Hello, I have a trouble converting the missing values marked as dots (.)


#1

Hello, I have a trouble converting the missing values. In my data set, the missing values were marked as . (dot). I tried many ways to convert them to NA but it doesn't work. Please help me.


#2

Could you show us an example of what you tried?

```{r}
# Your code goes here :-)
```

#3

What did you try?

It is quite easy to change using ifelse:

First we create some fake data with the dots

a <- c(3,4,5,'.',6,7,6,'.',4,5,'.')
a
[1] "3" "4" "5" "." "6" "7" "6" "." "4" "5" "."

We change dots with NA using ifelse, and make the output numeric:

 a <- as.numeric(ifelse(a =='.', NA, a))
 a
[1]  3  4  5 NA  6  7  6 NA  4  5 NA

But we don't know how your data looks and the exact error/problem you are facing :slight_smile:


#4

If you're using read.table, read.csv, or read.delim to read the data from a file, you can set the na.strings argument to specify that dots are missing data.

read.csv("myfile.csv", na.strings = ".")

Reading functions from other packages (e.g., readr, data.table::fread) often have similar arguments.


#5

Thank you for your help. I'm really new to Rstudio. Sorry for the unclear sentence. I tried a lot of function in excel trying to replace the data. The example of my data set is above.
But there are much more data than you can see from the picture (~600 cells).
As you can see, some missing data were written as "." and some just left as blank cells.


#8

You can import your data from excel directly with readxl::read_xlsx (or readxl::read_xls depending on your file extension). This function will consider blank cells to be NA by default and you can specify what other strings should also be considered as NA.
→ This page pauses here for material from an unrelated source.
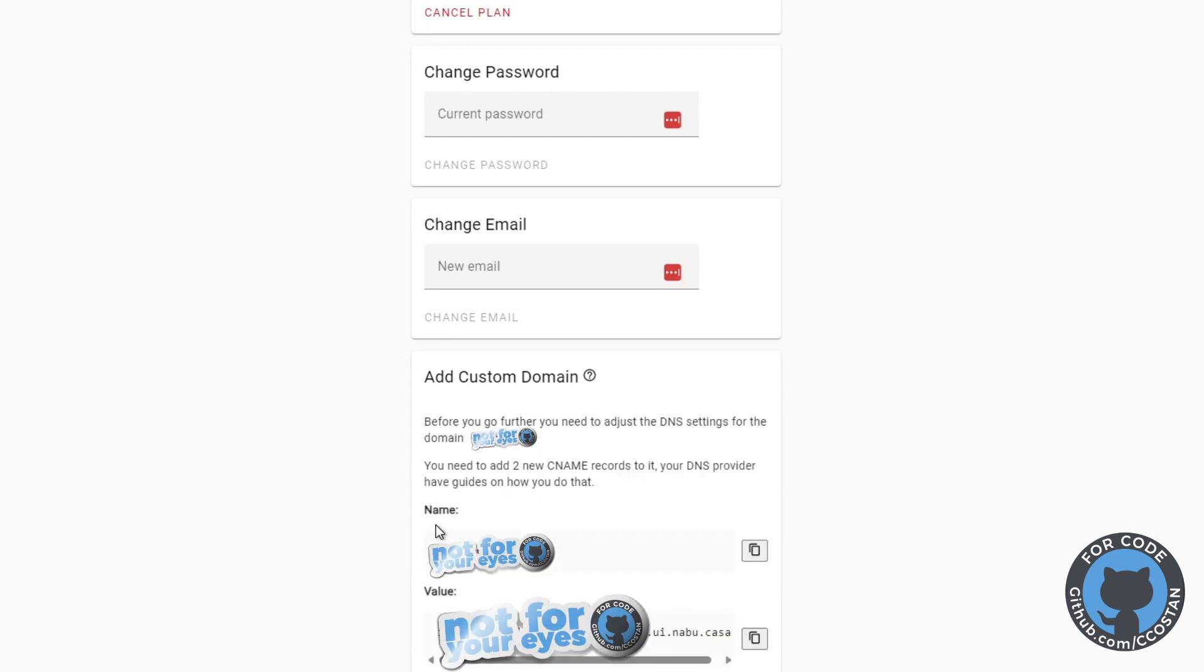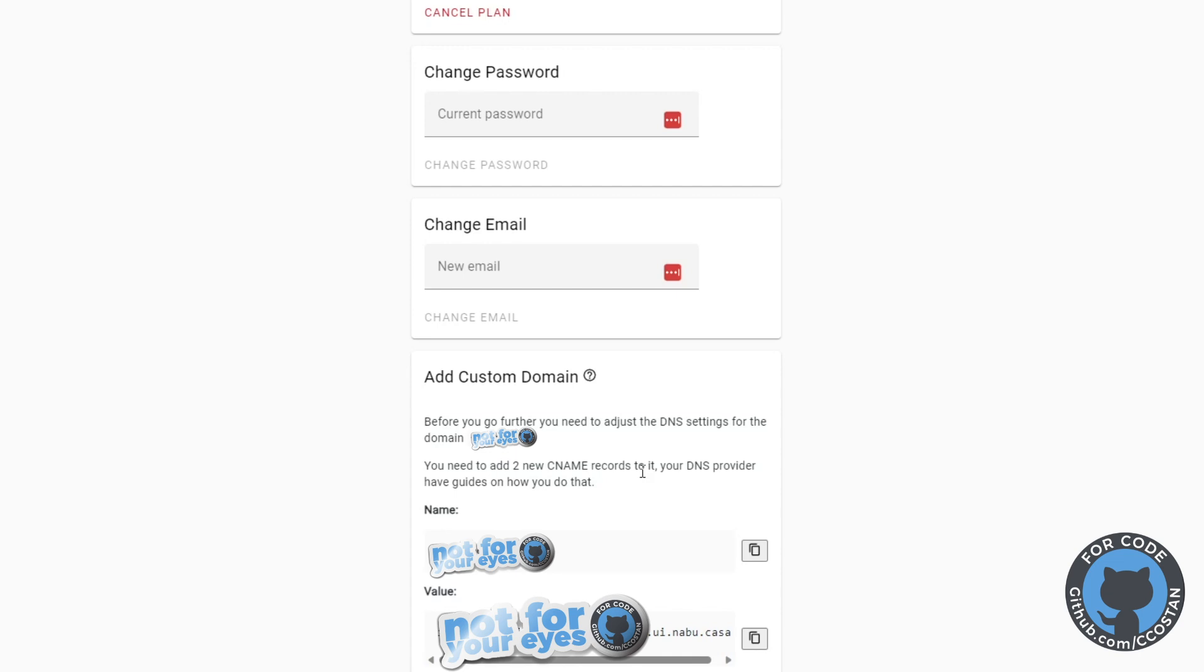You're going to click next, and this is going to give you two values. Basically, these values you have to add into your DNS. And this is how you prove ownership that you own your domain name.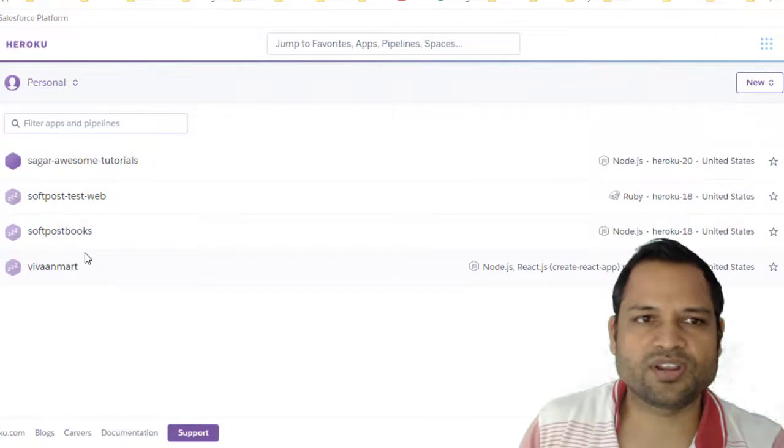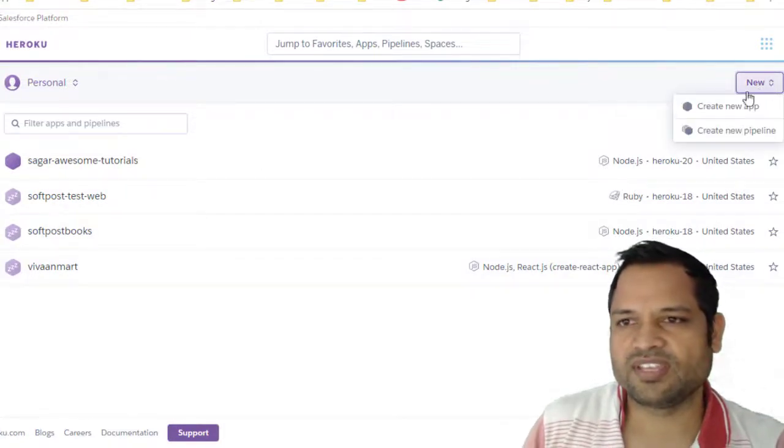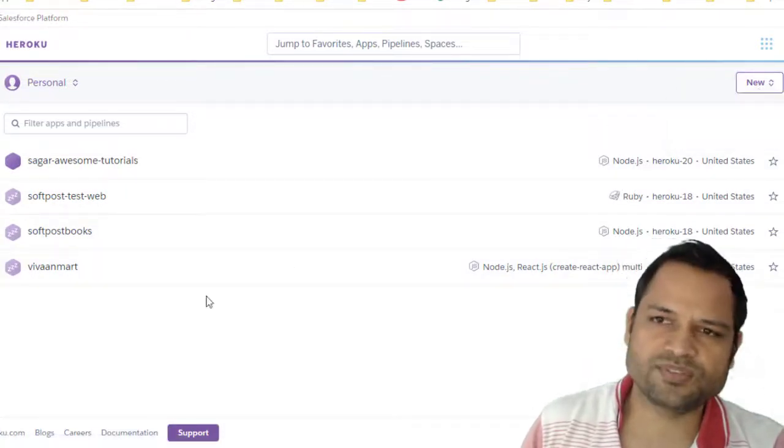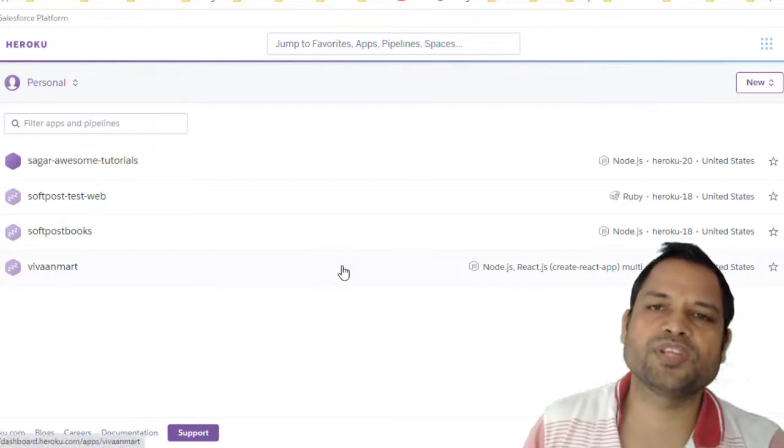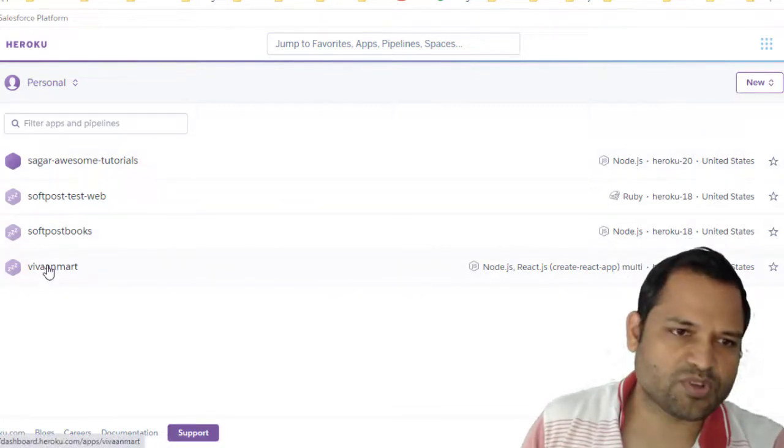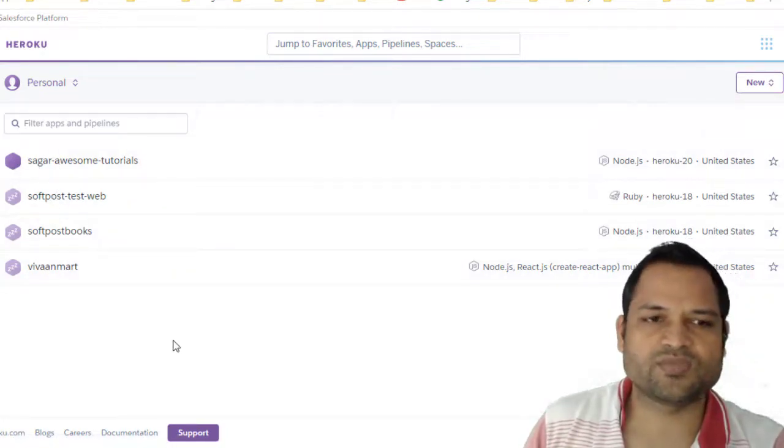If you want to create a new project, just click on this new button and then click on create a new app. Once you do that, you have to give the name of the app. As you can see, these are the names of my apps, and then click next.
So, after you install the package if you haven't already (note that it is part of the tidyverse so you might have installed it without knowing it), run:

readxl::read_xlsx("/path/to/your/file.xlsx", na = ".")

and both your blank cells and your cells with . will be converted to NA.

If your data is not on the first sheet or if you want to customize the function further, you should read the help file for it (?readxl::read_xlsx)


#9

I never use Excel, but there should be a "search and replace" that should allow to replace all your . by blanks if you really want to do that (maybe Ctrl + H?).

But it is much better to leave your data file alone and to do this in R instead, for instance in the import process as I suggested above.


#10

Thank you so much for your suggestion.